# t-mobile picture attachments have to be viewed online?



## ringo (Sep 12, 2011)

Very pleased with my Sumsung Galaxy S II but when Mrs R send me a picture via text I get a message from T-Mobile (my new supplier) telling me I have to go to their website to view it. Even more annoyingly I have to supply the password they've put in the text and it won't let me just copy that password so that I can paste it in, just the whole message.
It's so annoying I haven't retrieved/viewed one pic from the site yet.

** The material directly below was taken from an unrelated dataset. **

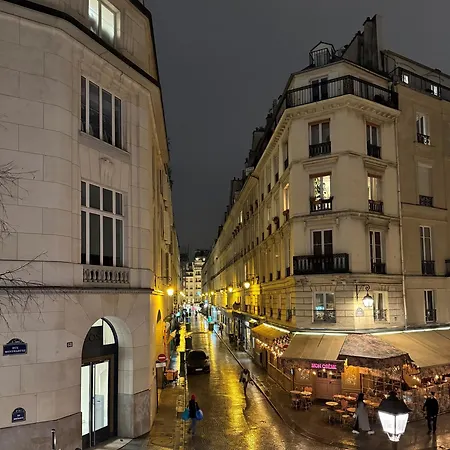 Mona Lisa - Residences Heart Of Apartment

Is there a way round this?


----------



## editor (Sep 12, 2011)

Fix here: http://www.cableforum.co.uk/board/65/33608683-how-retrieve-picture-messages-t-mobile.html



> if you're having trouble retrieving a picture message that has been sent to your phone, and the message says to view it at www.t-mobile.co.uk/pmcollect, it might be because your phone has not been set up to recieve pictures. so here's how to set it up.
> first go to the web-site, go to help and advice, click on phone support, then click on number 1, which is activating phone messaging, below you will have to enter your mobile number. next press continue, and a picture of your phone will come up on the screen, press confirm, click on picture messaging, then press configure phone now.
> A message will be sent to your phone, and a list of instructions of how to save it will come up on your computer screen.


----------



## ringo (Sep 12, 2011)

Cheers


----------